Rethinking Crime and Punishment in the United States
Wednesday, April 24, 2019 - 12:30pm to 1:30pm
The injustices of the American criminal justice system are blatant, confirming the common sense prejudice that poor people are the most criminal, the most dangerous, the most deserving of social exclusion and persistent distrust. Under the Trump administration, law and order policies have intensified, but they have a long, bipartisan history. Drawing upon his latest book, Beyond These Walls: Rethinking Crime and Punishment in the United States, Tony Platt also explores the long history of efforts by reformers and activists to change the inequities that permeate policing, courts, and prisons. They have mostly failed, and in some cases resulted in the expansion of the net of social control. We need bold new ideas and a strategic vision of what it will take to achieve justice for all in this era of authoritarian disorder.

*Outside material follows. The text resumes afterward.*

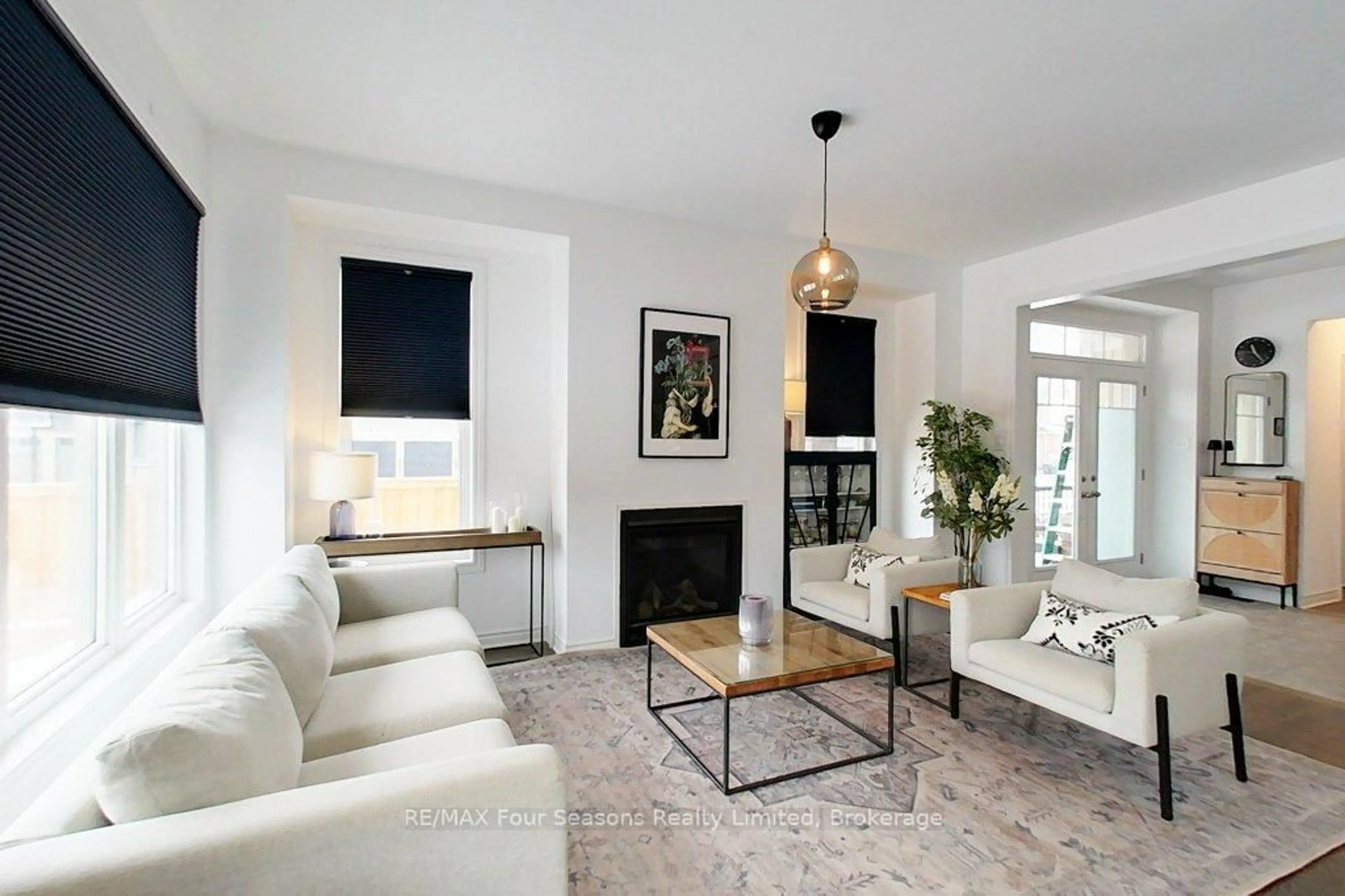 Living room with furniture, unknown for 35 Kirby Ave, Collingwood Ontario L9Y 3W8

Tony Platt (email@example.com) is the author of twelve books and 150 essays and articles dealing with issues of criminal justice, race, inequality, and social justice in American history. He taught at the University of Chicago, University of California (Berkeley), and California state universities. He is currently a Distinguished Affiliated Scholar at the Center for the Study of Law & Society, University of California, Berkeley. His most recent book is Beyond These Walls: Rethinking Crime and Punishmend in the United States (St. Martin's Press). His longtime experience as a public intellectual and activist informs his work.
Beyond These Walls: Rethinking Crime and Punishment in the United States was published by St. Martin's Press on January 8, 2019: https://us.macmillan.com/books/9781250085115
OLLI @Berkeley Speaker Series events are free to current OLLI members and UC Berkeley faculty, staff, and students; $10 general admission. Registration is not required.